What is the Aim of the Antiwar Movement?

What is the Aim of the Antiwar Movement?

The reason why we march is not, I think, because we hope our government or the U.S. government will be influenced by us very much. As most people know, governments do not decide policies on the basis of majority opinion. Governments listen to people who can exert direct influence on government policies which is sufficiently powerful to make governments listen to them. The obvious example of this sort of pressure group for N.Z. is the U.S. government.

By marching in large demonstrations we are showing solidarity with the people opposing the U.S. government's genocidal policies in Vietnam. In a very important sense we are transcending the limits of our national boundaries and declaring ourselves with the victims of western attempts to impose 'democracy' on Asian people.

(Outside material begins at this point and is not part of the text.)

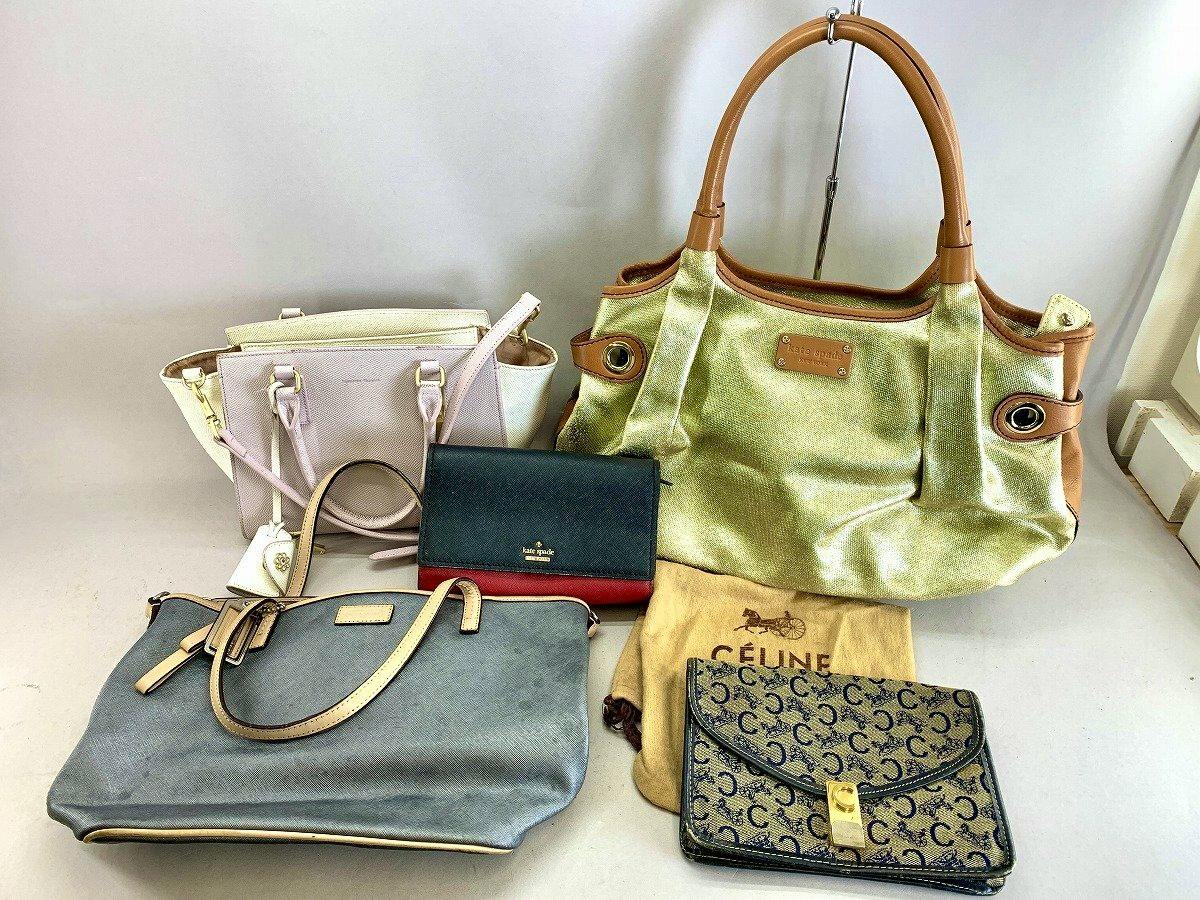 Multiple handbags and small bags—including a green tote, gray shoulder bag, pink handbag, and a monogram wallet—arranged on a light background.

'But the government and media will attack us if we support the victory of the Indochinese People', they say. Of course the government and media will try to smear anyone as a Communist if it can. At the start of the war for New Zealand in 1965 Holyoake smeared every opponent of the war, even the Labour Party, as pro-communist. If the antiwar movement is scared of expressing its true feelings, it is unworthy of the people it is supposed to be trying to help. The Vietnamese have been fighting for over twenty-five years for the right to determine their own affairs, and some of us who oppose the war, in New Zealand are too scared of the government and the media to express our support for their struggle.